Member Since: November 10, 2015

Country: United States

  • For better sensitivity, you can connect four of the three-terminal half-bridge cells in a ring by the excitation terminals, matching the colors, making a full wheatstone bridge consisting of two strain gauges per leg. You then excite with two of the sense terminals from opposite sides of the bridge, and sense on the two intervening sense terminals. See http://electronics.stackexchange.com/a/199470/30711 for a schematic.

  • You don't need the combinator. The load sensors are half-bridges and you'd hook the center taps directly to the S+/S- on the HX711. The end taps you would hook to the E+/E-, and depending on whether you want to add or difference the loads on the two sensors, you'd hook the end terminals up with opposite colors or matching colors. Opposite colors (black-to-white) will add loads, since increasing loads will pull one sensor(half of the wheatstone bridge) down while increasing load on the other sensor will pull that side up. If you match end-terminal colors with two 3-wire half bridges, then similar loads on each will move the sensor in the same direction.

    The combinator helps wire the 8 resistances of 4 half bridges into a full wheatstone bridge with 2 resistances in each arm, trying to make sure loads on each half bridge add up constructively to to unbalance the bridge.

  • No, the center tap should not go to 'W'. To turn the 8 resistances from the 4 three-wire sensors into 4 2-resistance legs of a wheatstone bridge per the combinator schematic the center taps should be on the 'R' terminals.

  • The three-wire sensor is a half-bridge--essentially two of the variable resistances in a wheatstone.
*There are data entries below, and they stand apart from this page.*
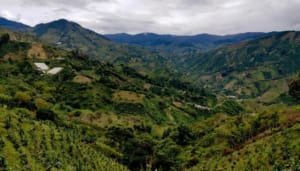 Las apuestas ambientales del Huila en la COP 16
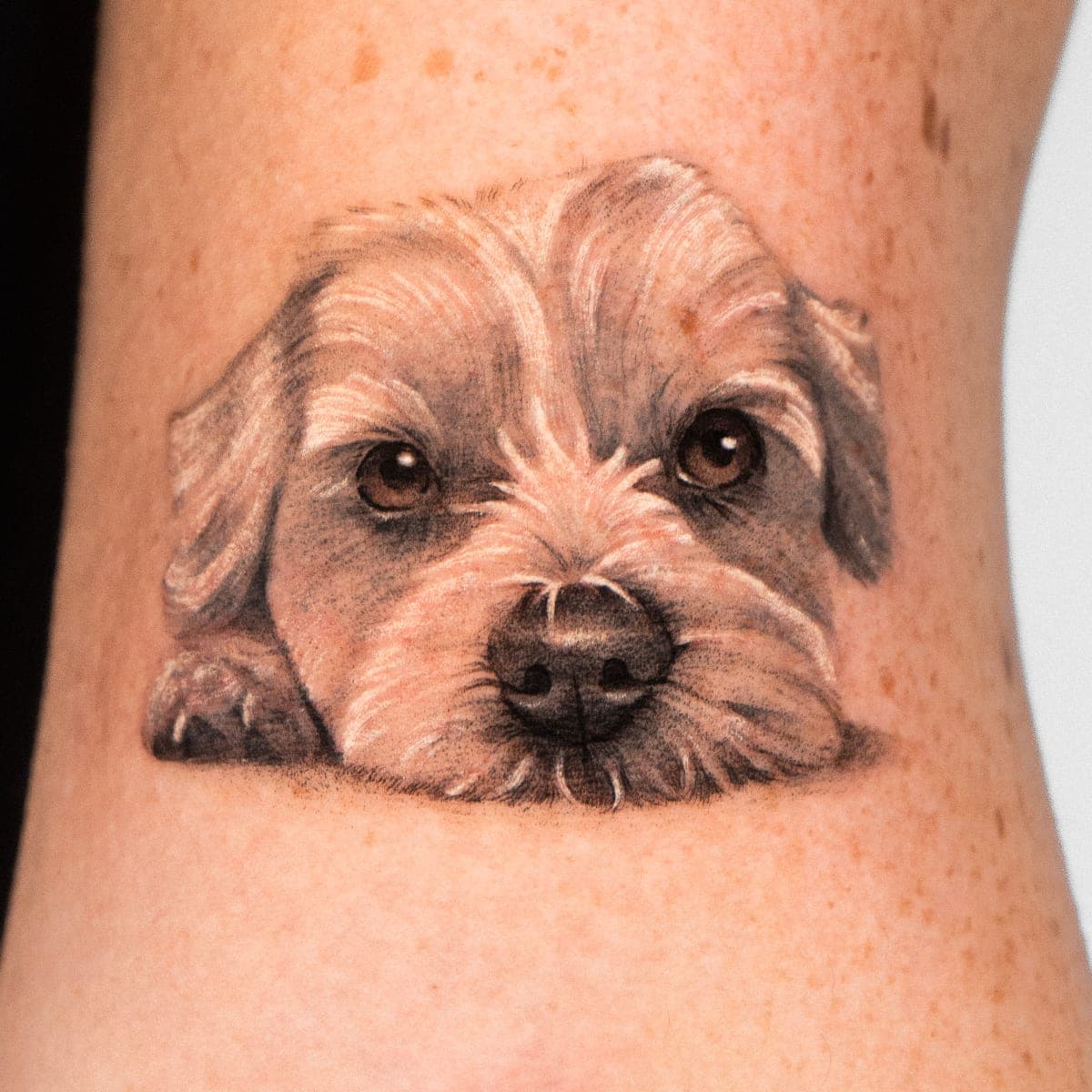 Black and grey tattoo of the white dog resting its chin, on an arm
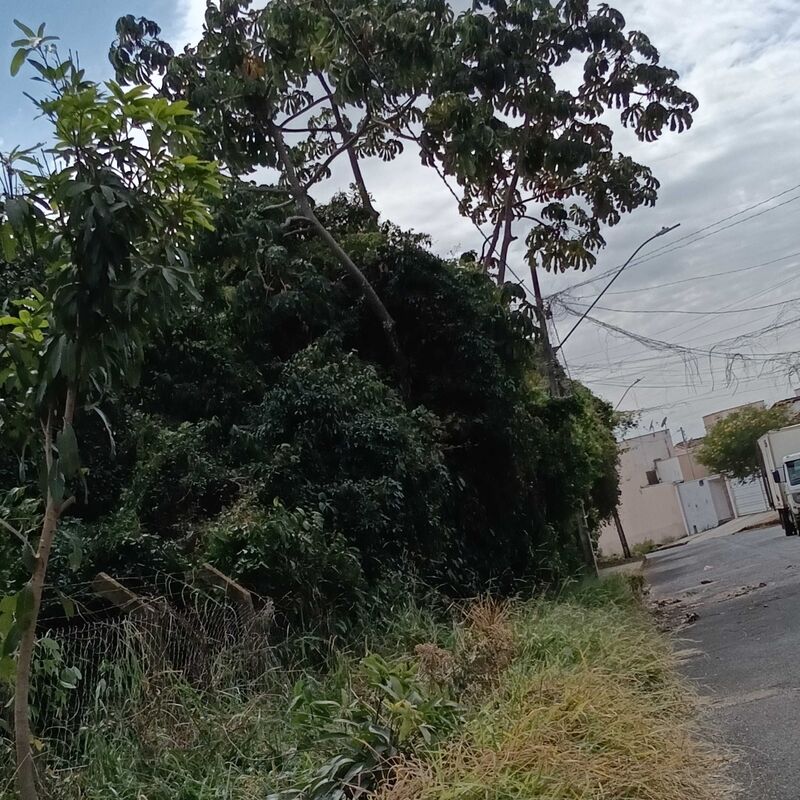 Imagem da publicação
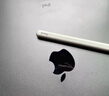 Apple/苹果 Pencil Pro 磁吸触控笔手写笔苹果笔电容笔书写绘画ipad笔 适用于iPad mini/Pro/Air 实拍图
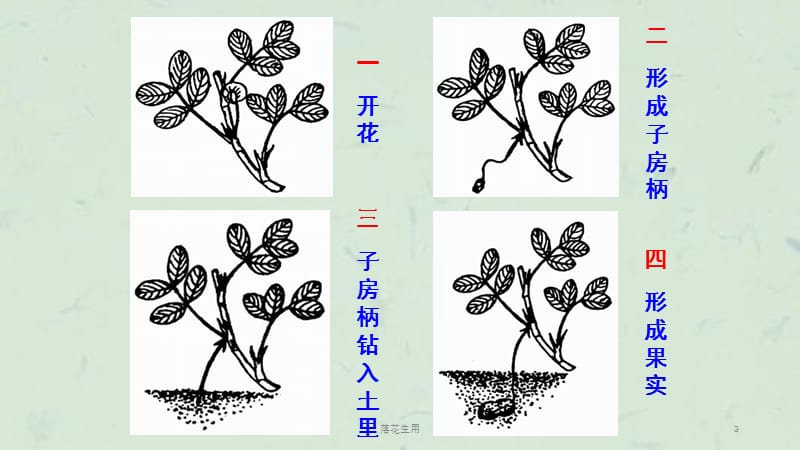 落花生用课件.ppt_第3页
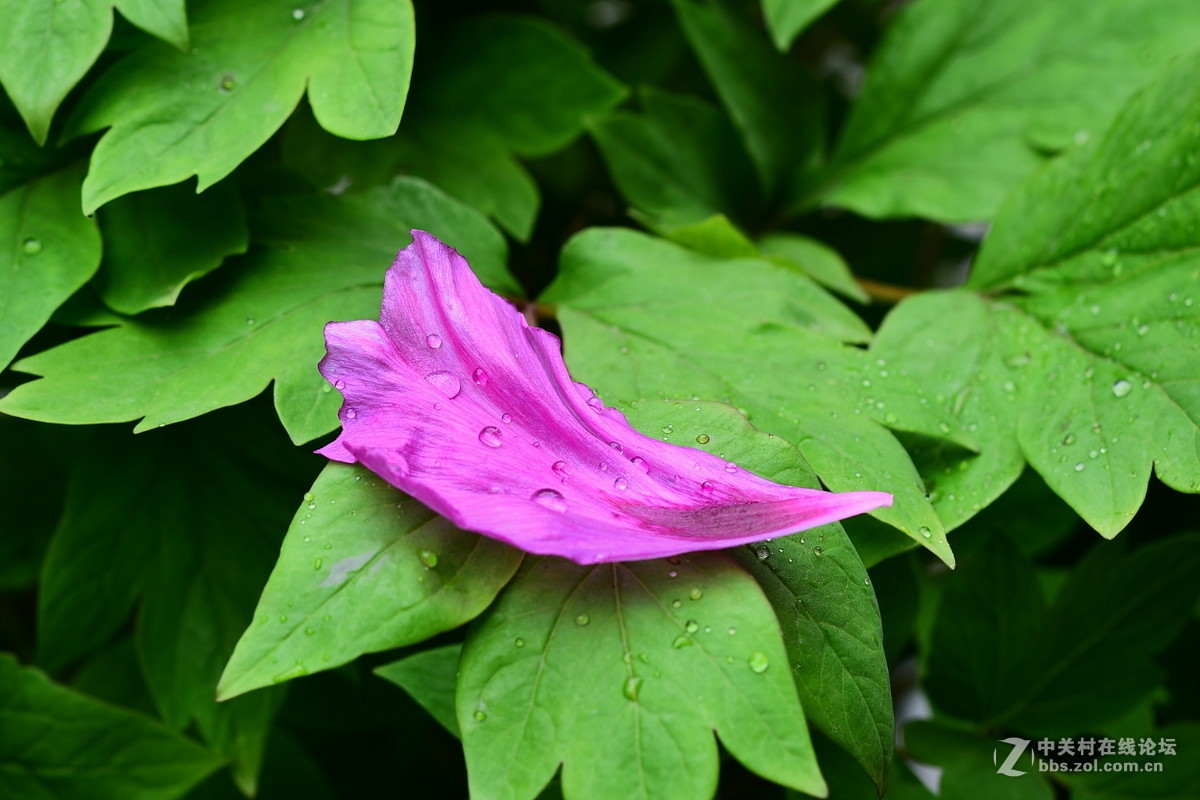 或许局部更好看  ---- 与同志们看牡丹写作
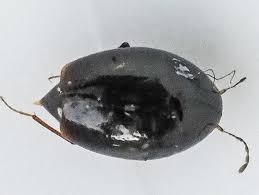 Attēlu rezultāti vaicājumam “Scaphisoma sp.”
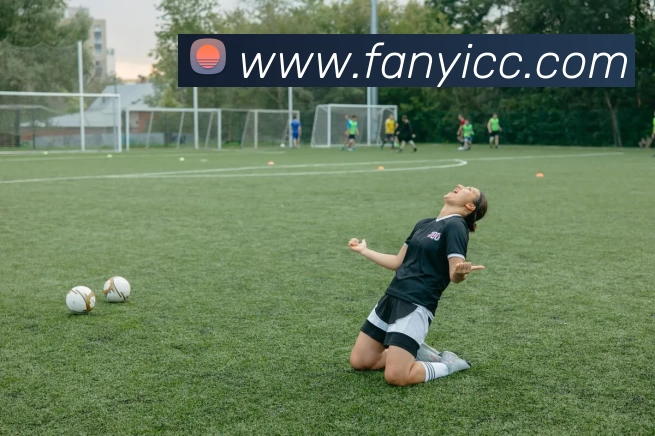 熊猫体育(中国版权)官方网站 - 最全赛事直播平台平台生态图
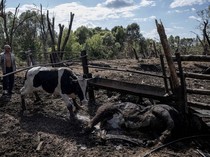 Puluhan Sapi di Peternakan Mati Terbunuh Imbas Konflik Rusia-Ukraina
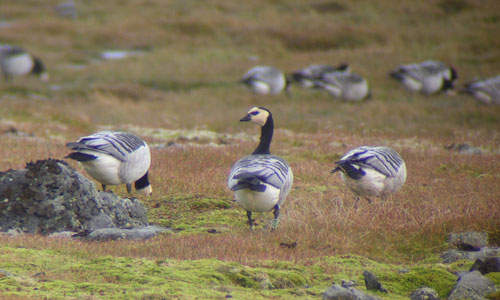baracle-geese-blog-1.jpg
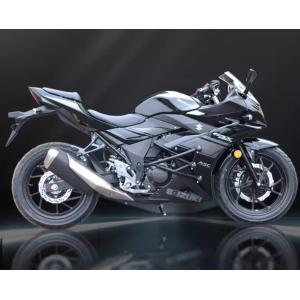 DAYTONA（デイトナ） DAYTONA SUZUKI GSX250R フェンダーレスEDGE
You could make the other half of the full wheatstone bridge with another half-bridge sensor, or with a variable resistor with its center tap set to match the voltage at the sensor's center tap.

  • It is like the diagram in this stack exchange answer -- essentially, the eight resistances in the 4 half-bridge load cells become two resistances per arm of the wheatstone bridge. The combinator tries to hook the center taps of the cells to the E+/E-/S+/S- of the HX711, and wires up the end-taps so that the 4 tension resistances are on opposite diagonals, and the 4 compression resistances are on the remaining diagonals. This way, the wheatstone bridge adds up loads on the cells, becoming more unbalanced as the increasing load increases the tensions (increasing their resistances) and increases the compressions (decreasing their resistances).

  • With two half-bridge, three-wire load cells, you don't need the combinator. Identify the center taps and hook them up as S+/S-, and wire the remaining wires to their opposite colors (e.g. white to black, and black to white) and hook them up to E+/E-. The color-flipping puts the tension resistances on opposite diagonals of the bridge, so adding tension to them unbalances the bridge constructively. If you wire it up with matching colors, you get it backwards, and two half-bridges with the similar loads will balance each other out.

    The four-wire load cell is two separate gauges, you can make a four-wire cell into a three wire half-bridge by hooking one wire from each pair together to make a common terminal.

  • You are right. The trick in hooking the 8 variable resistances of 4 half-bridge load cells (like the ones in bathroom scales, and the ones Sparkfun sells) up as a 4-resistance wheatstone bridge is to identify the center taps, wire the non-center-taps into a big ring with matching colors, and then excite with two opposite center taps and sense on the other two center taps. The wheatstone bridge then has two tension (or compression) resistances on each leg, the two tension legs (four tension resistances) are on opposite diagonals, and the two compression legs (four compression resistances) are on the other opposite diagonal. The taps of the wheatstone bridge are the center-taps of the 3-wire load cells.

  • The voltage on the red will be approximately 1/2 the white-black voltage at no load, and will shift proportionally by 1mV/V of the white-black voltage by load/50kg.

  • Qualib, if you swap the excitation of one of the cells and you can use the bridge to add the loads.

  • Yes, about 10lb of load should shift the output about 0.454 mV from no-load, and you are only reporting measurements to a precision of 10mV. Try a 5 digit DMM to see a direct reading.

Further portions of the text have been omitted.